KEY POINTS:
The atmosphere at the party changed suddenly when a group of skinheads seriously attacked a man before partygoers were run down by a car driven by Lipine Sila, the High Court at Christchurch was told yesterday.
On the eighth day of Sila's murder trial, the court heard testimony from young people who were struck by the speeding car as it slammed through the crowd.
The 23-year-old factory hand denies charges of murdering two 16-year-old schoolgirls and intentionally wounding or causing grievous bodily harm to eight other people who were run down in the roadway outside the party in Edgeware Rd.

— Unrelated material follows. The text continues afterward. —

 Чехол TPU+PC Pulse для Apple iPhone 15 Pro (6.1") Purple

He does not deny he was driving the car. The Crown says it was an act of anger, but the defence says Sila was in a blind panic after a series of fights.
The trial before Justice John Fogarty and a jury has been told of several at the out-of-control party on the night of May 5 last year.
A girl who was 16 at the time of the party said she saw a 1.8m tall man get into a car and heard it revving loudly.
It was not moving and she thought he was revving it as a signal for people to get out of the way.
Seconds later, she was hit by the car. She fell onto its bonnet and then rolled off the windscreen and onto the road.
She got up and stood in a driveway.
She said she saw a group of skinheads seriously assaulting a man at the party earlier. They were wearing jeans or dark pants, and T-shirts reading West Coast or East Coast Choppers.
She confirmed the suggestion of Sila's lawyer, Pip Hall that the party atmosphere then changed significantly as the men became aggressive and were swearing.
The girl said she and her friends then decided to leave the party.
There was "chaos and disorder" on the road with hundreds of people on the roadway and footpath.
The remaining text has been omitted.